Your task: Only the lines from the first line of the entries through the line with "Petugas kepolisian saat" belong in the answer, each restated word for word and without pictures.

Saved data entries
=== Begin Enclosure ===
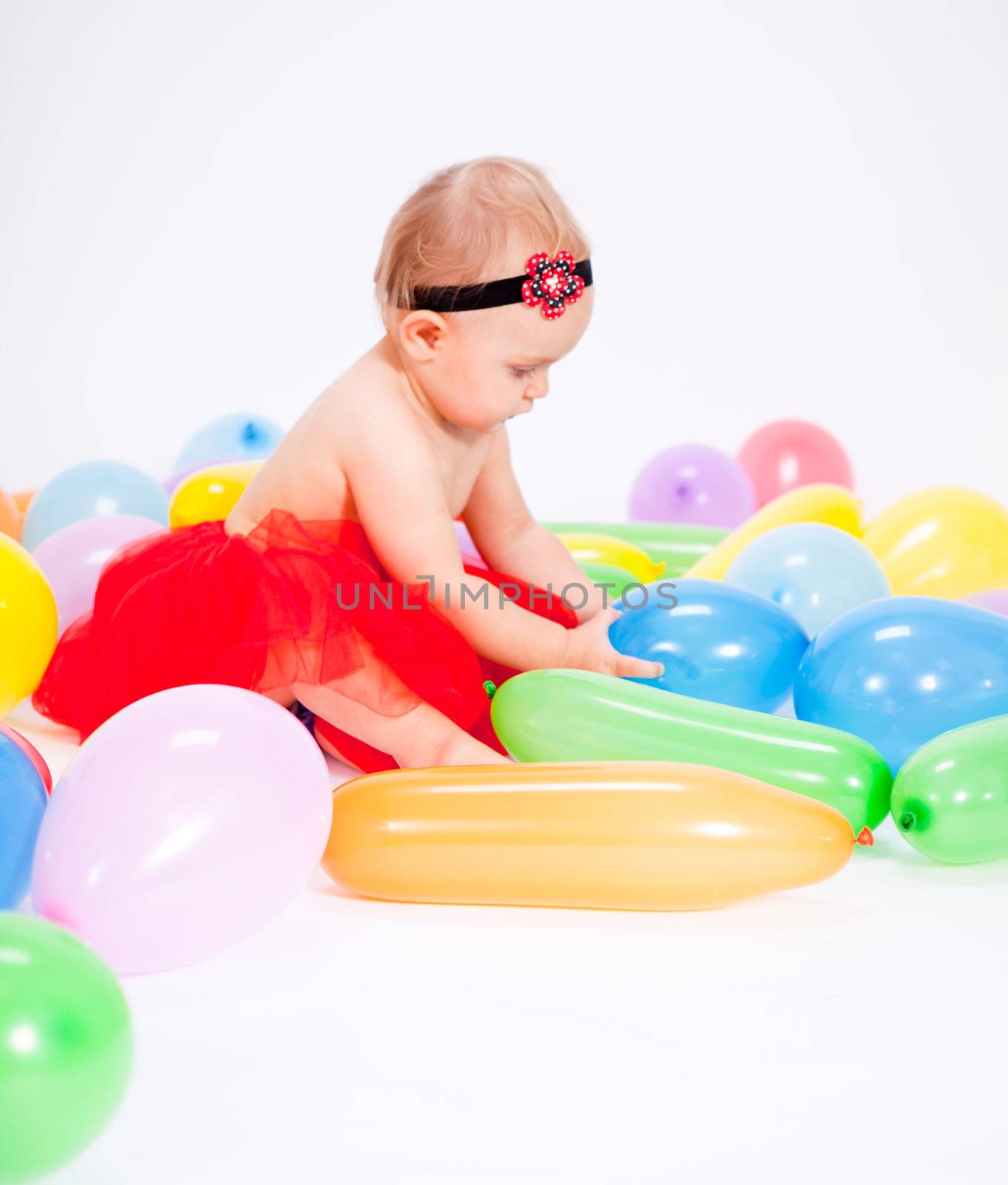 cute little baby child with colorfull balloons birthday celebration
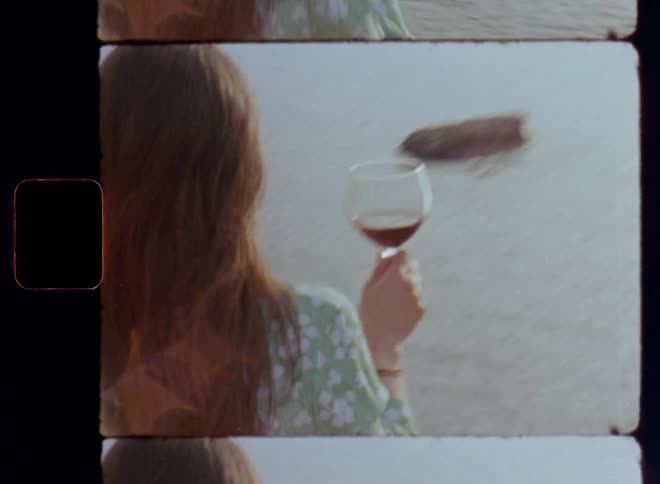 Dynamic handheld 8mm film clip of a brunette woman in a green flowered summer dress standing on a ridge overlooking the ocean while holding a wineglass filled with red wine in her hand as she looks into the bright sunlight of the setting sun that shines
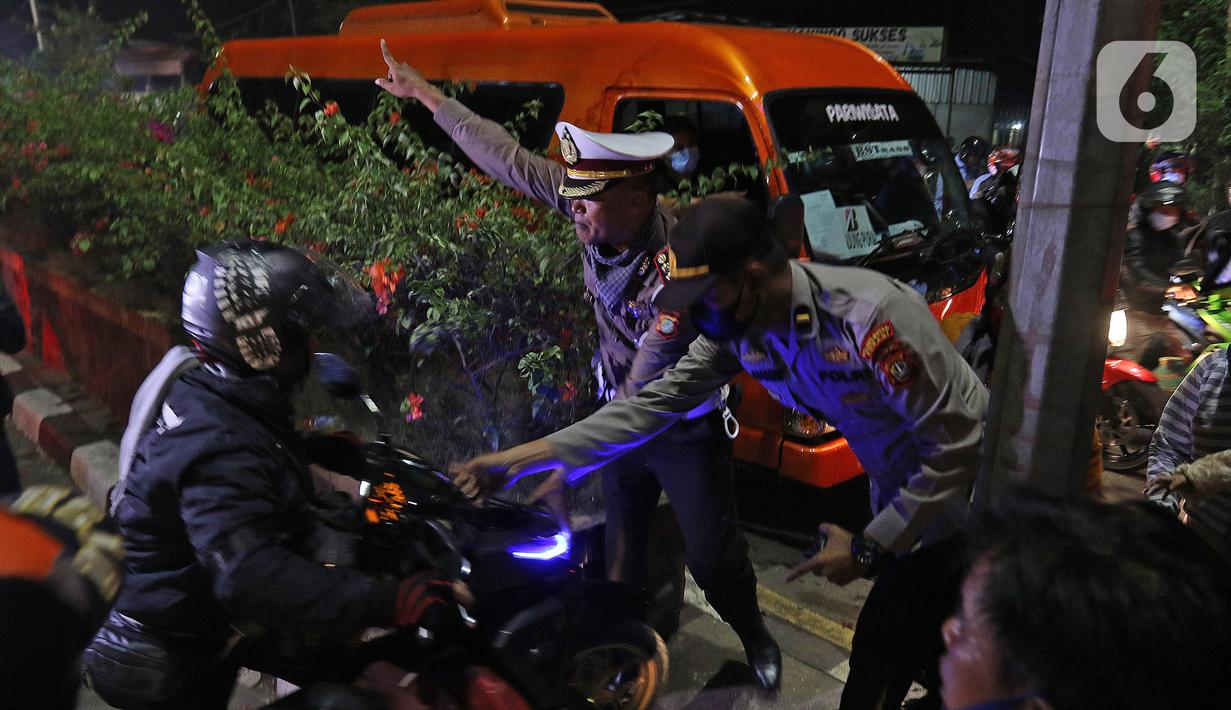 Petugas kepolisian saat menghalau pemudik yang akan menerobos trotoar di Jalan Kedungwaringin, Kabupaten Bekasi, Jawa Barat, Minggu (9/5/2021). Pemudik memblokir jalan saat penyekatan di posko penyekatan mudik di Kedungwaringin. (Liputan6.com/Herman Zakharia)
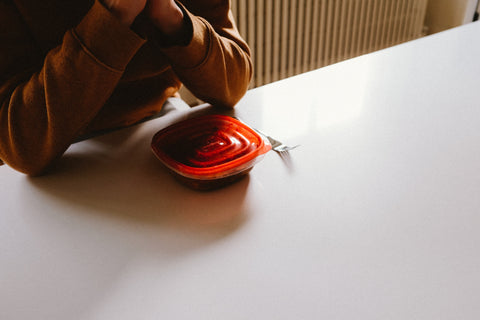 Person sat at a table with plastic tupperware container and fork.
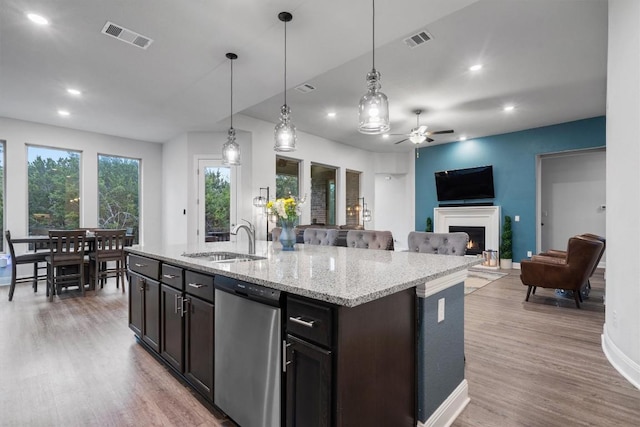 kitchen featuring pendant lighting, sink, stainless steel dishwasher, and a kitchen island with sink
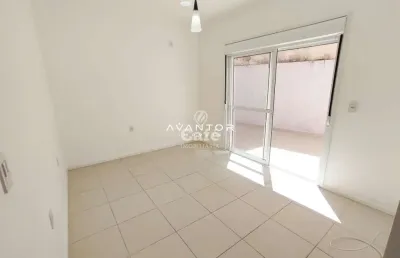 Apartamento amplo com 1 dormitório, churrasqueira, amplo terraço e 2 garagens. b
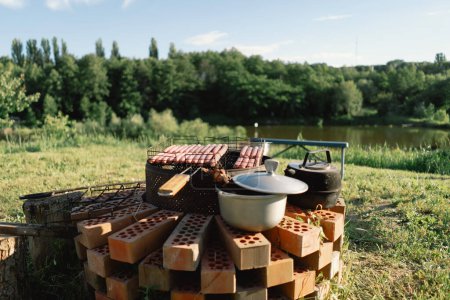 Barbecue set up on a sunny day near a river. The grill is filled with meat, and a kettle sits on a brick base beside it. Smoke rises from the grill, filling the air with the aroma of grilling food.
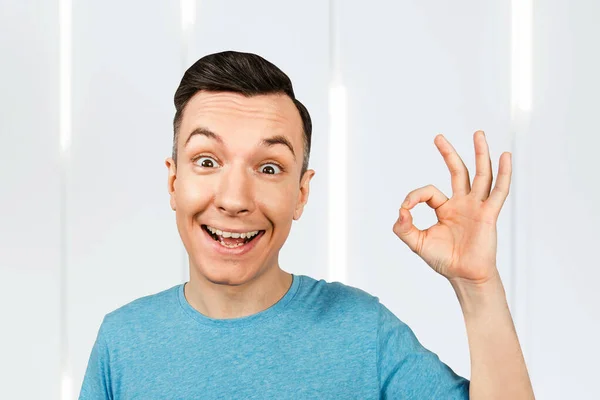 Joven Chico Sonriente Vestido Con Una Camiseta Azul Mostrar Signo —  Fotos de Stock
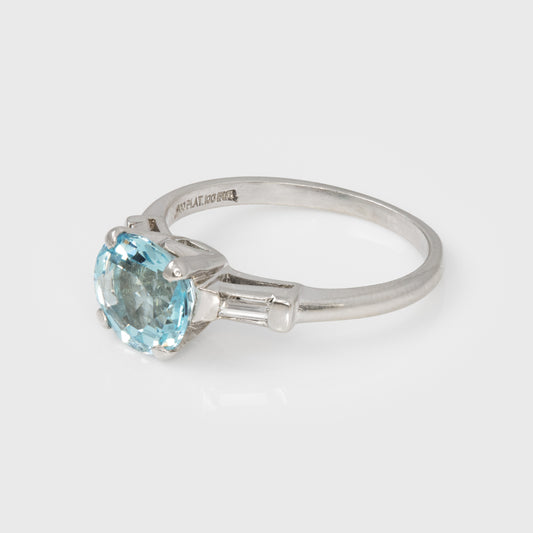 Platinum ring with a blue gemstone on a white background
=== End Enclosure ===
Output for this exercise:
 cute little baby child with colorfull balloons birthday celebration
 Dynamic handheld 8mm film clip of a brunette woman in a green flowered summer dress standing on a ridge overlooking the ocean while holding a wineglass filled with red wine in her hand as she looks into the bright sunlight of the setting sun that shines
 Petugas kepolisian saat menghalau pemudik yang akan menerobos trotoar di Jalan Kedungwaringin, Kabupaten Bekasi, Jawa Barat, Minggu (9/5/2021). Pemudik memblokir jalan saat penyekatan di posko penyekatan mudik di Kedungwaringin. (Liputan6.com/Herman Zakharia)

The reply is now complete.